__Task__. Look through the records below for the line with "Sushant Singh's family". Return that line and each one after it up to and including the line with "Продам квартиру, Заливная", exactly.

__Records for this task__.
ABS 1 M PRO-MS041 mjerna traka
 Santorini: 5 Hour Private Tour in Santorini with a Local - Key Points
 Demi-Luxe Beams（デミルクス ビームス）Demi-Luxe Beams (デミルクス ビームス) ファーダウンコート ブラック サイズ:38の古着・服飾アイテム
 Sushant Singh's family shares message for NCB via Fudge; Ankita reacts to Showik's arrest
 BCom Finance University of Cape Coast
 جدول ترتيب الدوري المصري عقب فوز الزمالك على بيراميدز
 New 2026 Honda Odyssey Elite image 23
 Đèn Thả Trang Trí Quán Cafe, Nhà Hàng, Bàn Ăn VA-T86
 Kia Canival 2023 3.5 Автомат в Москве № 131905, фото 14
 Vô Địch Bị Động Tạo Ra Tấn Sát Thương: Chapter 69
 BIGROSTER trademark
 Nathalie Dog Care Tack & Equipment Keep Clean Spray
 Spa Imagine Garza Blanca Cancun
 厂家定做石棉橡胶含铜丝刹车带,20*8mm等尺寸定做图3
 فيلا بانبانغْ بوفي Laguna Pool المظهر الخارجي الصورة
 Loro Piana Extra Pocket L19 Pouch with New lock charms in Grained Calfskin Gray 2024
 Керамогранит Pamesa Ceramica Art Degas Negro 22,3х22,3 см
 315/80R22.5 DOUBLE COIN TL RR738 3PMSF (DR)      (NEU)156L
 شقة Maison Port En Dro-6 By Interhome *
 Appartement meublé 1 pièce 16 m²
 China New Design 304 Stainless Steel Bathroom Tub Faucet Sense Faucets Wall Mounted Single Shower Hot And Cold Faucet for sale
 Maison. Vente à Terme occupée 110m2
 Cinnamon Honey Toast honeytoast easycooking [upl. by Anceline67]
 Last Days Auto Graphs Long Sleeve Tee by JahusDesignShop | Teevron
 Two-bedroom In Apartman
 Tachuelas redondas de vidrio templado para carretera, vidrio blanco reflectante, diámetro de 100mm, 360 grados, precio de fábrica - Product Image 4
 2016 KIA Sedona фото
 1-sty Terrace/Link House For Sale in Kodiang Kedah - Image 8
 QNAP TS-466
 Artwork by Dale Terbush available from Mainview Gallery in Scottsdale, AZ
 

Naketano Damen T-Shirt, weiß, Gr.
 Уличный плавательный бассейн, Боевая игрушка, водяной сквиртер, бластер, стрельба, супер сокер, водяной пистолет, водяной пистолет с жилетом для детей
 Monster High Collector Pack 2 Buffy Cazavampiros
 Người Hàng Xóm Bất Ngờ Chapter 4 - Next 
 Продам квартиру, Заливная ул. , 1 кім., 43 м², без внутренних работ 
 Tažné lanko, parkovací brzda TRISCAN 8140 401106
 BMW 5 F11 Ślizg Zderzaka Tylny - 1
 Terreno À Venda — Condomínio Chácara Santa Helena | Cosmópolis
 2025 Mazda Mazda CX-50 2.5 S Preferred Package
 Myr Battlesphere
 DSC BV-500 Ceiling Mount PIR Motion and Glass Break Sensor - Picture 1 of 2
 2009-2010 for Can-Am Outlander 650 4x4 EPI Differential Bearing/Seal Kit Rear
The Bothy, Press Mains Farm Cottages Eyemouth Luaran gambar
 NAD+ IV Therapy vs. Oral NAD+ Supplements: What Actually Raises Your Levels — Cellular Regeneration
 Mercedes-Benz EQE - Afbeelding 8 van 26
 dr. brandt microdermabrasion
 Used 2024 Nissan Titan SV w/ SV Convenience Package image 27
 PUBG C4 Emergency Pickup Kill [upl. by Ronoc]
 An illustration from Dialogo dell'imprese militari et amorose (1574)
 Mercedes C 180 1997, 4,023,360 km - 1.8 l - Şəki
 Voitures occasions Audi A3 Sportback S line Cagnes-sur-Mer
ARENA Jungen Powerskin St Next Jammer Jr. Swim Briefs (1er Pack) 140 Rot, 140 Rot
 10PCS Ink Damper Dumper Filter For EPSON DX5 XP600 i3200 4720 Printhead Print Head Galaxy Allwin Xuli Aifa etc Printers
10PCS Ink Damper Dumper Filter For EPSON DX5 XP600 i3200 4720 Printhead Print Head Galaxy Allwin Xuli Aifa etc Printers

__Solution to this exercise__.
 Sushant Singh's family shares message for NCB via Fudge; Ankita reacts to Showik's arrest
 BCom Finance University of Cape Coast
 جدول ترتيب الدوري المصري عقب فوز الزمالك على بيراميدز
 New 2026 Honda Odyssey Elite image 23
 Đèn Thả Trang Trí Quán Cafe, Nhà Hàng, Bàn Ăn VA-T86
 Kia Canival 2023 3.5 Автомат в Москве № 131905, фото 14
 Vô Địch Bị Động Tạo Ra Tấn Sát Thương: Chapter 69
 BIGROSTER trademark
 Nathalie Dog Care Tack & Equipment Keep Clean Spray
 Spa Imagine Garza Blanca Cancun
 厂家定做石棉橡胶含铜丝刹车带,20*8mm等尺寸定做图3
 فيلا بانبانغْ بوفي Laguna Pool المظهر الخارجي الصورة
 Loro Piana Extra Pocket L19 Pouch with New lock charms in Grained Calfskin Gray 2024
 Керамогранит Pamesa Ceramica Art Degas Negro 22,3х22,3 см
 315/80R22.5 DOUBLE COIN TL RR738 3PMSF (DR)      (NEU)156L
 شقة Maison Port En Dro-6 By Interhome *
 Appartement meublé 1 pièce 16 m²
 China New Design 304 Stainless Steel Bathroom Tub Faucet Sense Faucets Wall Mounted Single Shower Hot And Cold Faucet for sale
 Maison. Vente à Terme occupée 110m2
 Cinnamon Honey Toast honeytoast easycooking [upl. by Anceline67]
 Last Days Auto Graphs Long Sleeve Tee by JahusDesignShop | Teevron
 Two-bedroom In Apartman
 Tachuelas redondas de vidrio templado para carretera, vidrio blanco reflectante, diámetro de 100mm, 360 grados, precio de fábrica - Product Image 4
 2016 KIA Sedona фото
 1-sty Terrace/Link House For Sale in Kodiang Kedah - Image 8
 QNAP TS-466
 Artwork by Dale Terbush available from Mainview Gallery in Scottsdale, AZ
 

Naketano Damen T-Shirt, weiß, Gr.
 Уличный плавательный бассейн, Боевая игрушка, водяной сквиртер, бластер, стрельба, супер сокер, водяной пистолет, водяной пистолет с жилетом для детей
 Monster High Collector Pack 2 Buffy Cazavampiros
 Người Hàng Xóm Bất Ngờ Chapter 4 - Next 
 Продам квартиру, Заливная ул. , 1 кім., 43 м², без внутренних работ 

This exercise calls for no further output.